Die erste Bemerkung war an den jungen Mann, der Schluss an die Familie gerichtet.

»Wenn Sie von meinem Boot Gebrauch machen wollen«, bemerkte nach einer kurzen Pause dieser artig, »so steht es Ihnen zu Diensten!«

Der Alte schien überrascht, und verbeugte sich verbindlich.
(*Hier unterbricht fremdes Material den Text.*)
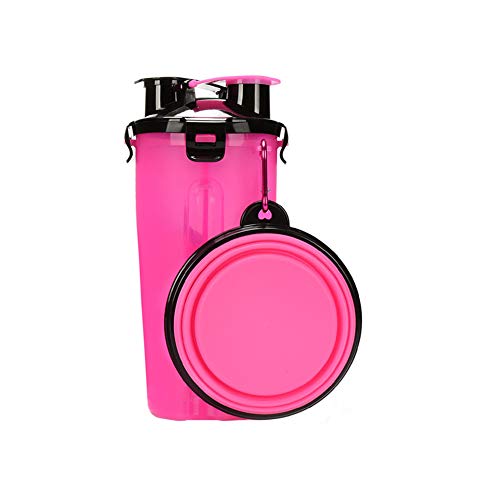 BOENTA Hundetrinkflasche für Unterwegs Tragbare Haustier Wasserflasche Haustier-Reise-Wasserflasche Pet Outdoor Travel Wasserspender pink von BOENTA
»Sie sind sehr gütig, aber es wäre unbescheiden, von Ihrer Grossmut Gebrauch zu machen.«

»Das Boot steht zu Ihren Diensten«, versicherte der junge Mann bestimmter; »und Sie dürfen um so beruhigter auf den Tausch eingehen, als es mir ganz und gar keinen Unterschied macht, ob ich [in] diesem oder in einem anderen Boote nach Richtersweil zurückkehre.«

Der Alte dankte abermals durch eine stumme Verbeugung, hielt jedoch inne, obwohl zur sichtlichen Unzufriedenheit der Seinigen, die offenbar die neue Aussicht auf die bereits aufgegebene Lustfahrt ungemein anregte. Mit sehnsüchtig dankbaren Blicken hing die entzückende Sprecherin nun am jenseitigen Ufer, wieder am jungen Manne. Beinahe schmollend sah sie den zögernden Papa an, der sich endlich zum Troste der Ungeduldigen an diesen wandte.

»Ihr Anerbieten ist sehr gütig, aber ehe wir darauf eingehen können, muss ich mir noch eine Frage erlauben.«

Des jungen Mannes Miene nahm einen erwartenden Ausdruck an.

»Wäre es nicht möglich, unsere Differenz dahin auszugleichen, dass wir uns zu gemeinsamen Zwecke vereinigten?«

Der junge Mann sah den Sprecher ungewiss an.

»Die Lustfahrt zusammen machen?«

»Ich soll eigentlich nach Zürich zurück, da ich nächstens von da abreisen will«, sprach dieser ablehnend.

»Das ist etwas anderes; aber dann dürfen wir Ihr gütiges Anerbieten auch absolut nicht annehmen.«

»Sie haben zu entscheiden. Ich glaube Ihnen jedoch nochmals die Versicherung geben zu müssen, dass mir nicht der mindeste Eintrag geschieht, da ich mit Ihrem Kahne oder auch zu Fusse nach Richtersweil zurück kann, von wo aus ich immer Gelegenheit nach Zürich finde.«

Der Alte stand und schüttelte den Kopf, die hold Gestimmte das Köpfchen. In dieser schien noch eine letzte Hoffnung aufzudämmern, wie sie sich jetzt hastig zum Papa wendend, ihm angelegentlich in die Ohren flüsterte.

Der Papa hörte liebreich, aber phlegmatisch kopfschüttelnd das Kind an.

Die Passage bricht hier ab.